В Майоренгоф бы, где серебряные пески и шелковистые ивы. В приятственный озноб надежного мелководья, когда солнце печет, а ветерок прохлаждает.

Но даже такой малости не может позволить себе узник Замка! После майских событий у Гертрудинской церкви, где произошла стычка демонстрантов с полицией, затаился недобрый город и ждет. Таинственные процессы в нем совершаются, неотвратимо назревает угрожающий срыв. Он совсем иной, тот хмурый и замкнутый город, растворившийся в небытии задымленных окраин, на задворках форштадтов и пустырях.

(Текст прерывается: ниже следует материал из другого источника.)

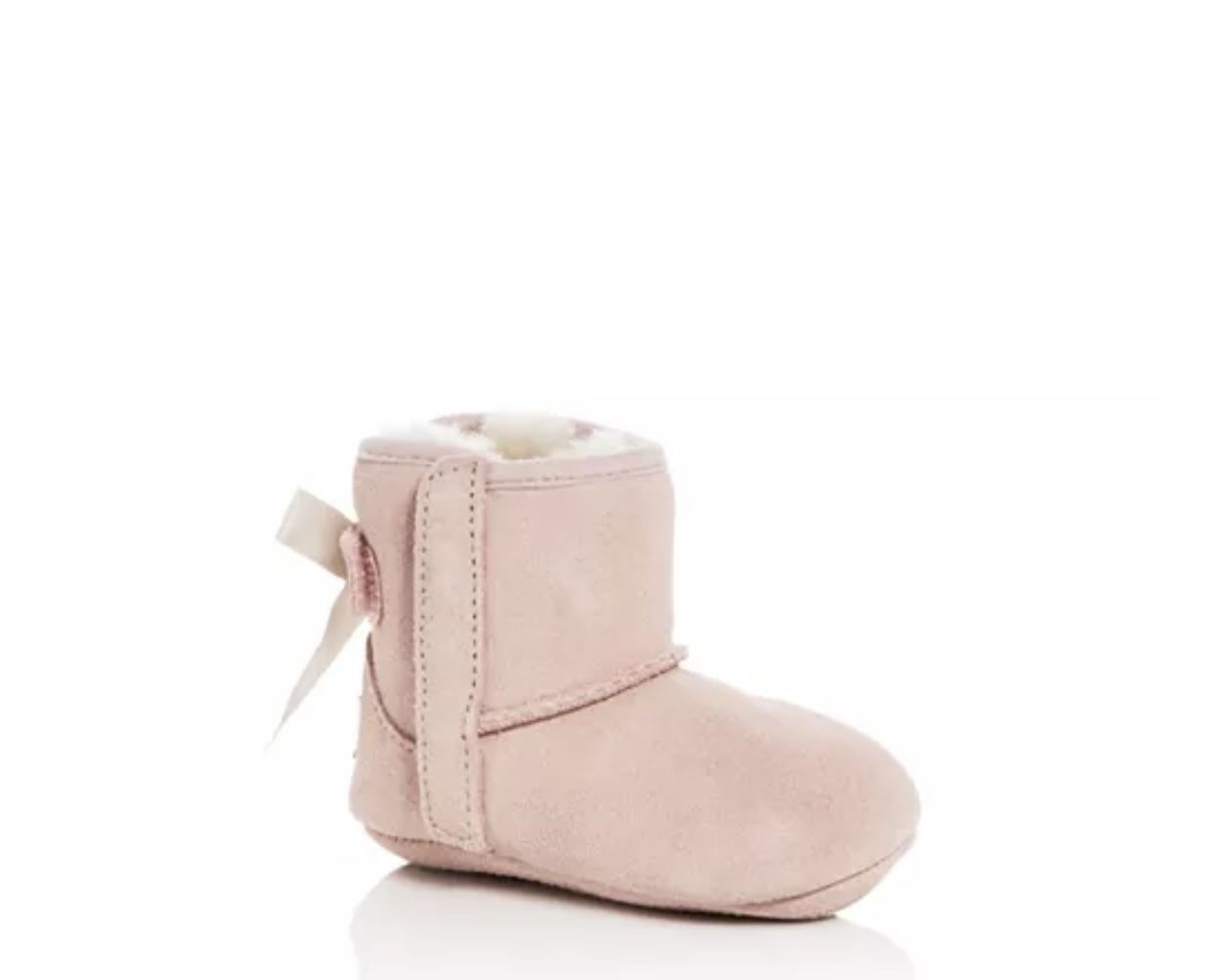 UGG Jesse Bow II Boot  Baby Pink 100% Authentic  size 4/5 (12-18”). Comes with box gently used. Make an offer!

За беленным известкой дощатым забором, за стенами из закопченного кирпича, за темными от смазки и пыли стекляшками лишь смутно угадывается его хмурый, ускользающий лик. О чем думают за железными воротами фабрик? Что готовят в низких бараках, где деревянные нары занавешены сырым тряпьем? Тускло расплываются в черных оконцах керосиновые огоньки. Тяжелым духом обдает влажный пар из бесконечного коридора. Больные чертополохи взросли под ганзейскими стенами, извечная смута бурлит в огненных капищах, где выковывается могущество империи. Грохот проката заглушает слова, ослепляет огненный блеск вагранок. Непонятно даже, на каком языке говорят эти тени — торопливые придатки могучих машин.